2020夏季総合特集(6)/コロナショックに負けない/事例研究/わが社の戦略

2020年07月20日 (月曜日)

〈東レ/PPSBがマスクで伸び/世界の3極でフル操業に〉

 東レの不織布・人工皮革事業部門不織布事業部は、ポリプロピレンスパンボンド不織布(PPSB)の販売を伸ばしている。下支えするのが、新型コロナウイルス禍で需要が拡大したプリーツマスクだ。中国と韓国、インドネシアの3極における4~6月のPPSB設備はフル操業になった。

 新型コロナの感染拡大でマスク着用が常態化。マスクメーカーによる増産や新規参入、中国での生産増強などでマスク用PPSBの需要が伸長した。同社は紙おむつ用PPSBを主力としてきたが、技術力や品質、安全性はマスク用途でも高い評価を得る。
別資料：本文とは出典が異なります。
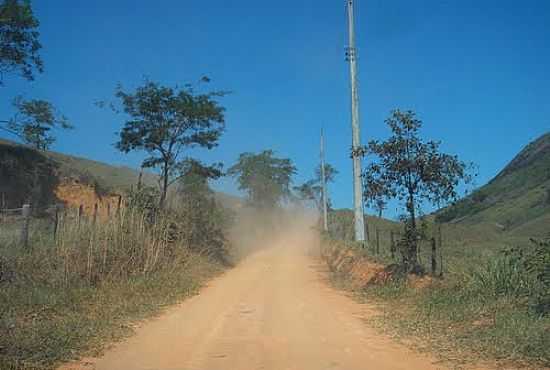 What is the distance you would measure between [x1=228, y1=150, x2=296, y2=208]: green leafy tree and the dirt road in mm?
43903

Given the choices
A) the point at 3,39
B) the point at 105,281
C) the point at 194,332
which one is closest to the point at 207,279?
the point at 105,281

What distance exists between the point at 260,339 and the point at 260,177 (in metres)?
49.8

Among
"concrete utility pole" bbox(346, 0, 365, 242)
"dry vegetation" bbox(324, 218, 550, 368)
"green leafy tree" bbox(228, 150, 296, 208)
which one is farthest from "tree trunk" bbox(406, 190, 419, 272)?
"green leafy tree" bbox(228, 150, 296, 208)

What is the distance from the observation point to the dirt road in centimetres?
692

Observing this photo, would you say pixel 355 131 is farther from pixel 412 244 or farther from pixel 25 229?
pixel 25 229

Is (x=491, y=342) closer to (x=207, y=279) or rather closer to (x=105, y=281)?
(x=105, y=281)

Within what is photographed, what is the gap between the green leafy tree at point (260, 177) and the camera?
57844 mm

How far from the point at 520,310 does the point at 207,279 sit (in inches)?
474

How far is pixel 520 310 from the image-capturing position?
8789mm

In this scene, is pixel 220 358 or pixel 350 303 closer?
pixel 220 358

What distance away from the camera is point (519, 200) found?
4628 centimetres

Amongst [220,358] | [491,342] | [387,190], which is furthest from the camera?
[387,190]

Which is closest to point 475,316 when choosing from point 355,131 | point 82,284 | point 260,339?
point 260,339

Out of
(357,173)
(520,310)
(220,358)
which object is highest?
(357,173) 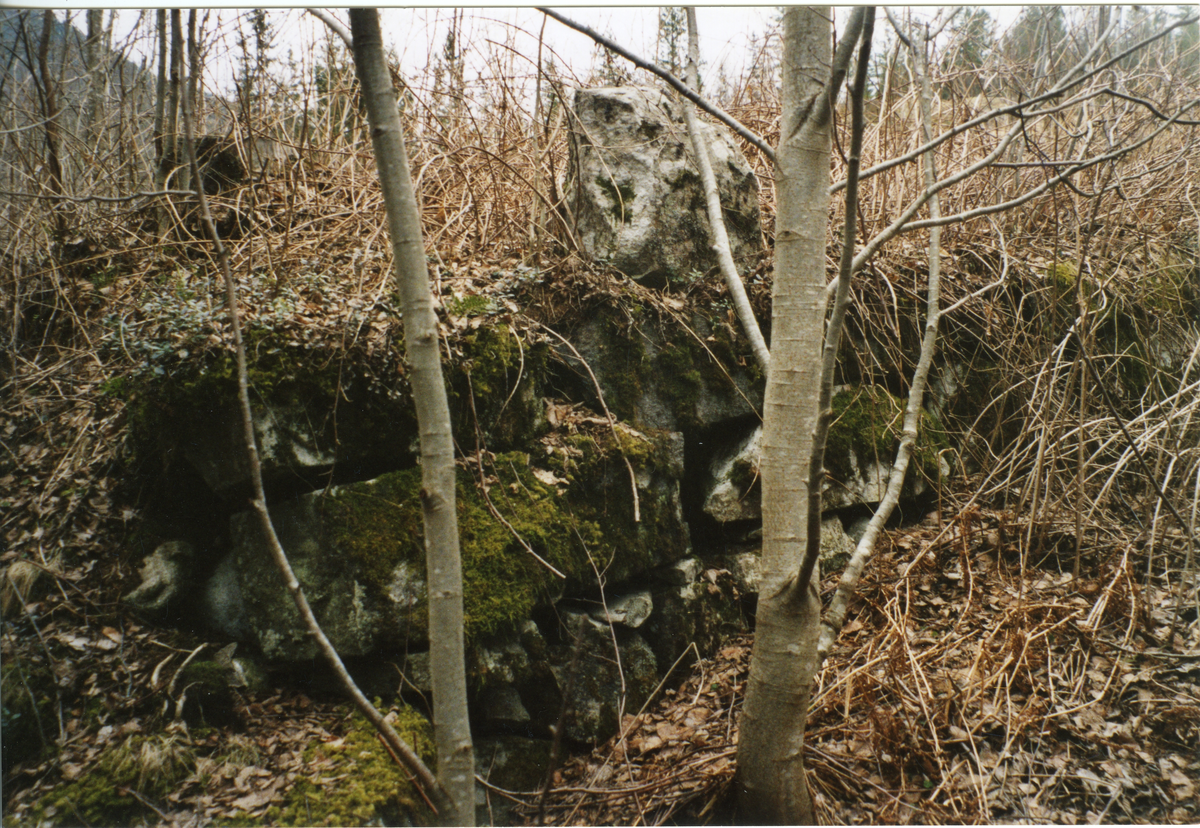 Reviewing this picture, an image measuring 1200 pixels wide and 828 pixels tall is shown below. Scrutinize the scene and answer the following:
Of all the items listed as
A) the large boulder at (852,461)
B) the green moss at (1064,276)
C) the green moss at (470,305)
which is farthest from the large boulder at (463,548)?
the green moss at (1064,276)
 高品質で安心・安全なマスク用PPSBは今後も需要が続くとして積極展開を図る。国内では滋賀事業場内の試験設備の量産化対応を進めている。マスク向けではメルトブロー不織布も供給している。

 松下達部長は「紙おむつやマスクをはじめとする幅広い用途で顧客と取り組みを深めながら東レ独自の“味付け”を施した製品を届ける」と強調し、「毎年1桁%台後半の成長を目指す」とした。

〈旭化成/キュプラ長繊維不織布に脚光/消毒用ワイパー用途で〉

 旭化成のキュプラ長繊維不織布「ベンリーゼ」が順調な動きを見せる。衛生用品などを販売する白十字が展開している消毒アルコールタオル「ショードックスーパー」に用いられ、新型コロナウイルス禍で需要が拡大した。2020年4~6月は前年の販売数量を大きく上回る水準で推移している。
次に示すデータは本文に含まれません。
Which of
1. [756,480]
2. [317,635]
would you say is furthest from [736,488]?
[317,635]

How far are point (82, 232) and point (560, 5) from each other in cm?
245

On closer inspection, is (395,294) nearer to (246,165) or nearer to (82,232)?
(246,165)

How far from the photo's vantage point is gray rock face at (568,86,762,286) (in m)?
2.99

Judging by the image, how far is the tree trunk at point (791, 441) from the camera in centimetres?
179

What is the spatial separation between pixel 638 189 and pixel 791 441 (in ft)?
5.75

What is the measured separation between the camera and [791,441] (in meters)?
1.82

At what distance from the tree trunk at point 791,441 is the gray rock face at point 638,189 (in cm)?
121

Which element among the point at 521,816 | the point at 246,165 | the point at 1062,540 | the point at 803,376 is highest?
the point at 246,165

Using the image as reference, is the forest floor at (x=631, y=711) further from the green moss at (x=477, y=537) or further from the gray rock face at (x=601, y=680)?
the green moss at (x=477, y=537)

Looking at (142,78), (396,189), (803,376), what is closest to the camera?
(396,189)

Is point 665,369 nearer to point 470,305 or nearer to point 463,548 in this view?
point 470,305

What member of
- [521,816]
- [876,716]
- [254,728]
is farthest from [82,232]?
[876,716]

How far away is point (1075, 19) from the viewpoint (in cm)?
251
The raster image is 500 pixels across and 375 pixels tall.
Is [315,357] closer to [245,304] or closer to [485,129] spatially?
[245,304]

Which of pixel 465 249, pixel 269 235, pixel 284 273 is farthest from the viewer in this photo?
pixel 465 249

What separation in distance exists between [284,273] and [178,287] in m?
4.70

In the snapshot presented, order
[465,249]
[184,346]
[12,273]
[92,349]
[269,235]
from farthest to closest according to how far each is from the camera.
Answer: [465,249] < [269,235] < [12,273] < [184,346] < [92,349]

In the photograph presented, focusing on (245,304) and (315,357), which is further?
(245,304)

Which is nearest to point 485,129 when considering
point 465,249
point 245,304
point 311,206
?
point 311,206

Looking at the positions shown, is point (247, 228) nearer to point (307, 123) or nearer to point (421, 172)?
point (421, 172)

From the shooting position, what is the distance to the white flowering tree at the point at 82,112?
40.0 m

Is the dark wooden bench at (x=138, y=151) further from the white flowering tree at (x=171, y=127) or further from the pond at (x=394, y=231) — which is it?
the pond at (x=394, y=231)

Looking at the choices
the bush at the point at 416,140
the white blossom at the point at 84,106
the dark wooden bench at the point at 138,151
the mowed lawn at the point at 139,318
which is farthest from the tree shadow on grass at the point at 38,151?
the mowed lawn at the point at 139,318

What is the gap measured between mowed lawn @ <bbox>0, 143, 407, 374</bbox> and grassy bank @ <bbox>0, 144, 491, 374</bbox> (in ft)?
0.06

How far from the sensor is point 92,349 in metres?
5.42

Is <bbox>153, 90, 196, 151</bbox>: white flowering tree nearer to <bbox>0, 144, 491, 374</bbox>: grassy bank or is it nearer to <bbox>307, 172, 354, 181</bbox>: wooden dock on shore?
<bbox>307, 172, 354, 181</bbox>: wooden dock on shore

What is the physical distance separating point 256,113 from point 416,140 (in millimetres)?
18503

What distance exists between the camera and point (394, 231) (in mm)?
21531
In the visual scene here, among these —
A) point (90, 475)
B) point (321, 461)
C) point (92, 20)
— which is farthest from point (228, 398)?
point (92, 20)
 マイクロファイバー使いによる拭き取り性能などが評価を受け、ショードックスーパーには25年以上前から使われている。ベンベルグ事業部ベンリーゼ営業部は「新型コロナ禍で近年にはない増販」と話すが、消毒用アルコール不足という問題がなければさらに販売が伸びた可能性がある。

 ベンリーゼはショードックスーパーのほか、大手の付属機器メーカーが販売しているOA機器用ウエットワイパーの基布としても使われる。パソコンなどを拭き取るためのワイパーだが、テレワークなどで使用頻度が高まり、ベンリーゼの動きも活発化した。
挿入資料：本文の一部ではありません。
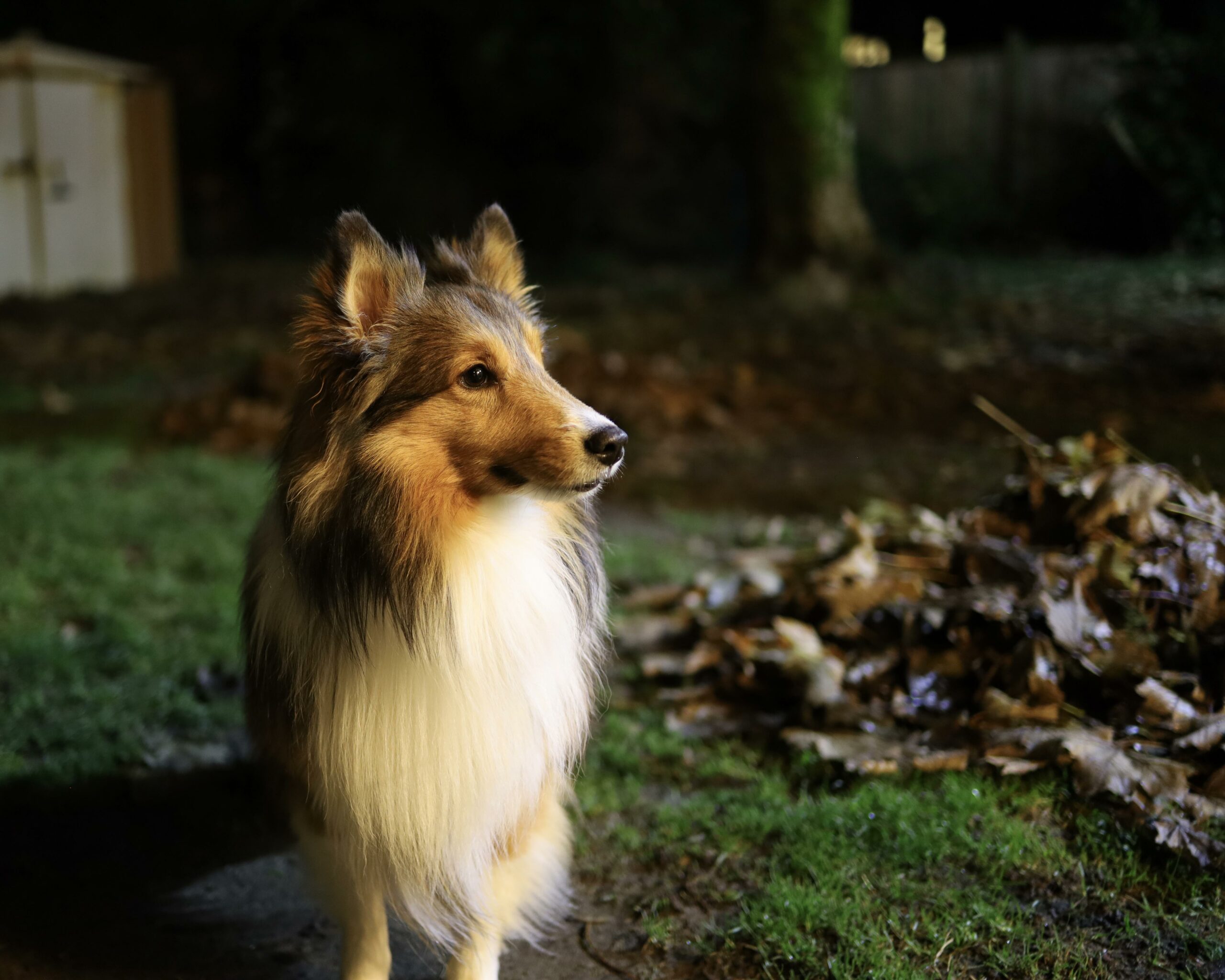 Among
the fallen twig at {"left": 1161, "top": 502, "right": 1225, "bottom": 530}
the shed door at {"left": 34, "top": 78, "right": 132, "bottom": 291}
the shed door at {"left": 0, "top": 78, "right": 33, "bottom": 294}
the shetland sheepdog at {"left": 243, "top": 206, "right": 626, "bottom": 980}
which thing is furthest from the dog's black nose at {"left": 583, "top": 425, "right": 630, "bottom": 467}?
the shed door at {"left": 34, "top": 78, "right": 132, "bottom": 291}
 消毒アルコールタオルやワイパーを使うという習慣は定着が予想され、ベンリーゼへの引き合いはこれからも続きそうだ。

〈東洋紡STC/抗ウイルス・制菌に引き合い/「ナノバリアー」「ヴァイアブロック」打ち出す〉

 新型コロナウイルスによる感染症拡大に伴い東洋紡STCには抗菌素材、制菌素材、抗ウイルス素材などへの引き合いが舞い込んでいるという。

 同社ユニフォーム部門はサステイナビリティーへの要望が強まっている最近の状況を踏まえ、ペットボトル再生ポリエステル「エコールクラブ」、バイオポリエステル「エコールクラブバイオ」、生分解性素材「ダース」の3本柱による拡販に取り組む一方、抗菌素材、制菌素材などによる商品開発、企画提案にも同時並行で力を入れている。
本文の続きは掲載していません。